• [DATASET EXCERPT]:
+++++

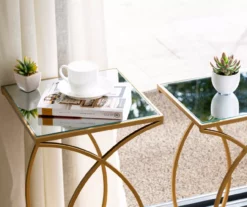 Gold Glass Top 2-Piece Nesting Accent Table Set -DHP SHOP 810598720 A0 5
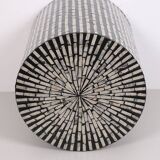 Pearlescent Mosaic Coffee Table Black&Cream 40x43 cm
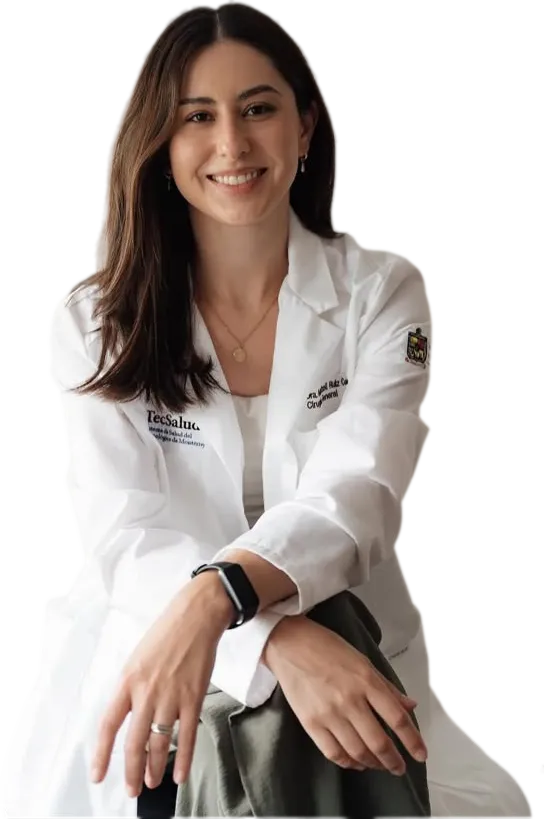 Dra. Meritxell Ruiz Celorio con bata blanca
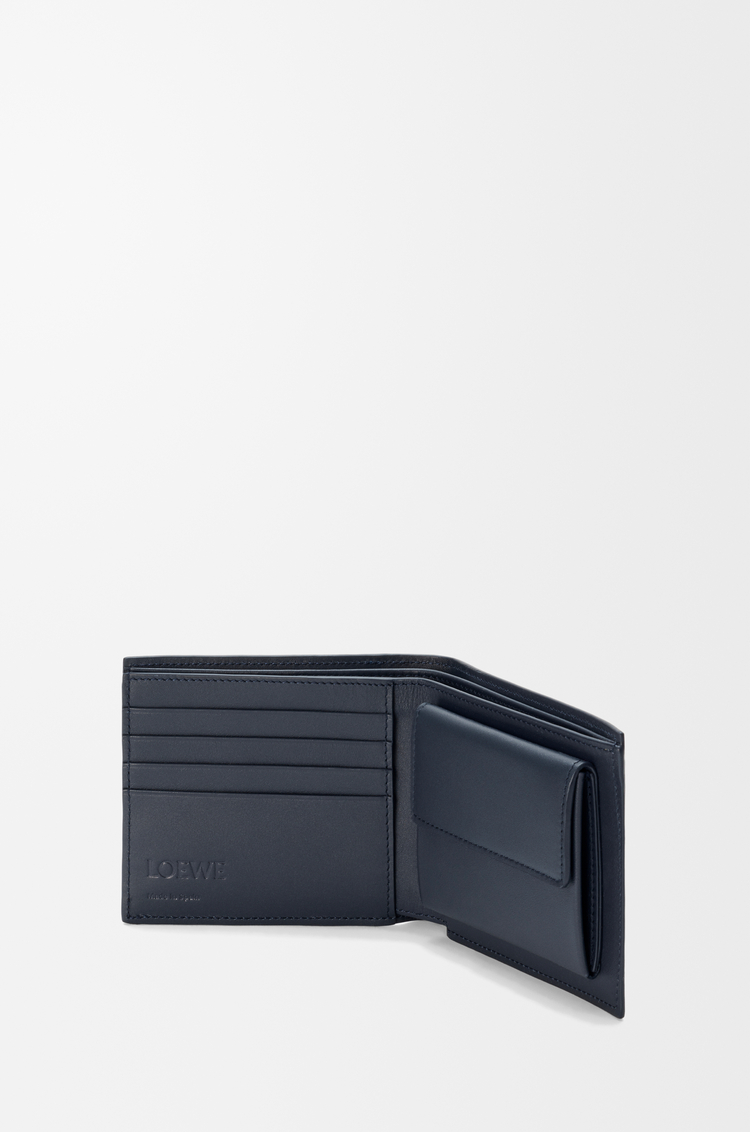 LOEWE Flag bifold coin wallet in classic calfskin Deep Navy/Royal Azur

+++++

• [EXERCISE GOAL]: Skip the images and set down the rest of the data unchanged.

• [ANSWER BOX]:
 Gold Glass Top 2-Piece Nesting Accent Table Set -DHP SHOP 810598720 A0 5
 Pearlescent Mosaic Coffee Table Black&Cream 40x43 cm
 Dra. Meritxell Ruiz Celorio con bata blanca
 LOEWE Flag bifold coin wallet in classic calfskin Deep Navy/Royal Azur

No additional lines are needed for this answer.